#### EXERCISE INSTRUCTIONS:
Write out exactly the lines below that run from the line containing "703 W Russell Ave — Photo 27" through the last line of the records.

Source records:
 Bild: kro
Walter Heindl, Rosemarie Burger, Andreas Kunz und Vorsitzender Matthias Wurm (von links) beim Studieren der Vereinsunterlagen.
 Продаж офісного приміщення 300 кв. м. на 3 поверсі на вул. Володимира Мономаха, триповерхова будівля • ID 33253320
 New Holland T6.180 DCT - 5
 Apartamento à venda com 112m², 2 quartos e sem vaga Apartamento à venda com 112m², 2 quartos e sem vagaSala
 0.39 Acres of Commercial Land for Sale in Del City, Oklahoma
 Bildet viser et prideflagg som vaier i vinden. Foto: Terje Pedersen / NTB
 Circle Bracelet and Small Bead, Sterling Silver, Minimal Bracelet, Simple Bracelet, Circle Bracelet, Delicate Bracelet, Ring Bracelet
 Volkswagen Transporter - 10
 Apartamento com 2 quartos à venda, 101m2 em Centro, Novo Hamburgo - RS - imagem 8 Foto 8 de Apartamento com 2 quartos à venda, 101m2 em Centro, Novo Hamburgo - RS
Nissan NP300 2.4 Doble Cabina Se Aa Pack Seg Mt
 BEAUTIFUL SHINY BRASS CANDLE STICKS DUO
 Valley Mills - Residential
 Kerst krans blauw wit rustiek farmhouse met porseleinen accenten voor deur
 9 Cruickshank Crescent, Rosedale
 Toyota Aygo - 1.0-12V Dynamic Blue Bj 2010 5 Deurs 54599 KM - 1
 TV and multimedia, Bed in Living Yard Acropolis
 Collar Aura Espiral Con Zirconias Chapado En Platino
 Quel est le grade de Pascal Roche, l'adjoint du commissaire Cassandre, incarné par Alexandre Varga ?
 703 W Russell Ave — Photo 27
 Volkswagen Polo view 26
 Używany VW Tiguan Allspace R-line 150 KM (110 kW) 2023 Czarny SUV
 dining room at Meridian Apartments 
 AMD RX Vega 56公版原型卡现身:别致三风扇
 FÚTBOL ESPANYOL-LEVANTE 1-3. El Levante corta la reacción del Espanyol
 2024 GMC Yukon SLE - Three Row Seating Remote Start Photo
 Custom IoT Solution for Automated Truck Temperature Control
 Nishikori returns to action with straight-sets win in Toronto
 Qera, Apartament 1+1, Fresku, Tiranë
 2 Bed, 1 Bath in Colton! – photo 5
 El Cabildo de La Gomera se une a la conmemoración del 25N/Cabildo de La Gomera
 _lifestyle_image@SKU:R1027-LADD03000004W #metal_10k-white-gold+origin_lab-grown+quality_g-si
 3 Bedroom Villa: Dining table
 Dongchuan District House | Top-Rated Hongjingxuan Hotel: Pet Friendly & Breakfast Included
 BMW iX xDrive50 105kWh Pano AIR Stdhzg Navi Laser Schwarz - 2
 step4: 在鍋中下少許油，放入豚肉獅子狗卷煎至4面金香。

#### RESPONSE TO THIS EXERCISE:
 703 W Russell Ave — Photo 27
 Volkswagen Polo view 26
 Używany VW Tiguan Allspace R-line 150 KM (110 kW) 2023 Czarny SUV
 dining room at Meridian Apartments 
 AMD RX Vega 56公版原型卡现身:别致三风扇
 FÚTBOL ESPANYOL-LEVANTE 1-3. El Levante corta la reacción del Espanyol
 2024 GMC Yukon SLE - Three Row Seating Remote Start Photo
 Custom IoT Solution for Automated Truck Temperature Control
 Nishikori returns to action with straight-sets win in Toronto
 Qera, Apartament 1+1, Fresku, Tiranë
 2 Bed, 1 Bath in Colton! – photo 5
 El Cabildo de La Gomera se une a la conmemoración del 25N/Cabildo de La Gomera
 _lifestyle_image@SKU:R1027-LADD03000004W #metal_10k-white-gold+origin_lab-grown+quality_g-si
 3 Bedroom Villa: Dining table
 Dongchuan District House | Top-Rated Hongjingxuan Hotel: Pet Friendly & Breakfast Included
 BMW iX xDrive50 105kWh Pano AIR Stdhzg Navi Laser Schwarz - 2
 step4: 在鍋中下少許油，放入豚肉獅子狗卷煎至4面金香。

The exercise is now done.